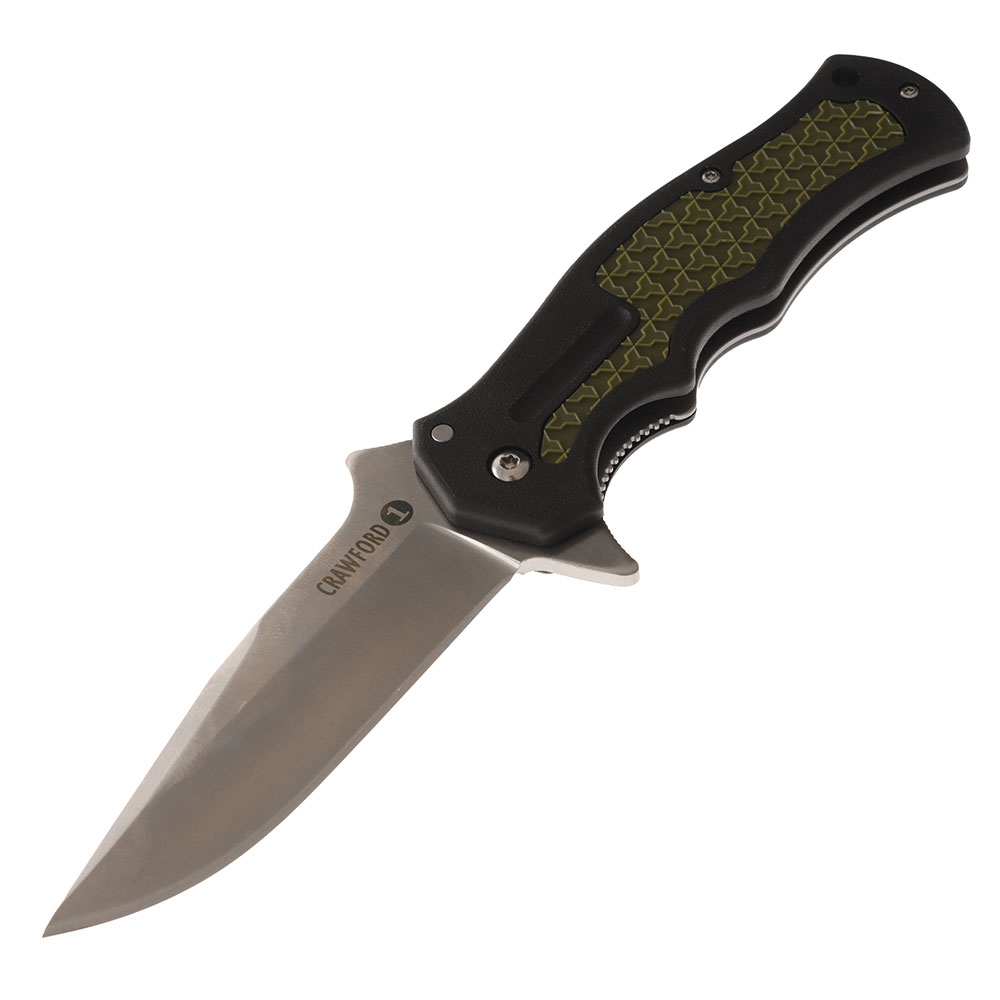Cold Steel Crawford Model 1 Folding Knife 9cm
○ ○ ○
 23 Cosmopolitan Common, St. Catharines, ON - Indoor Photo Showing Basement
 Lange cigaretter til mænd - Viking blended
○ ○ ○
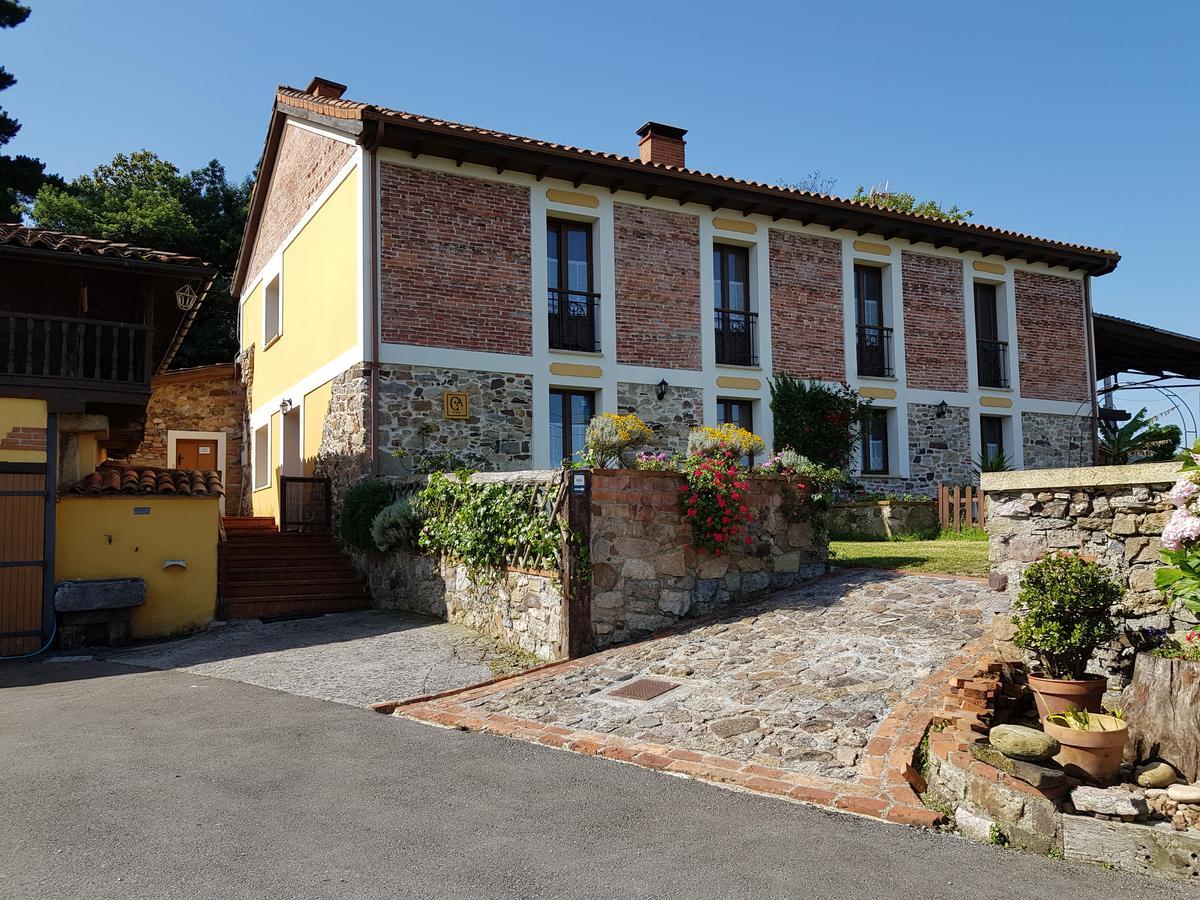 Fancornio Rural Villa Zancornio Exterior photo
○ ○ ○
Problem to work on | Keep both end lines and retype everything in the records above from the line containing "23 Cosmopolitan Common, St." through the line containing "Lange cigaretter til mænd - Viking blended", exactly, with nothing else.

Reply |
 23 Cosmopolitan Common, St. Catharines, ON - Indoor Photo Showing Basement
 Lange cigaretter til mænd - Viking blended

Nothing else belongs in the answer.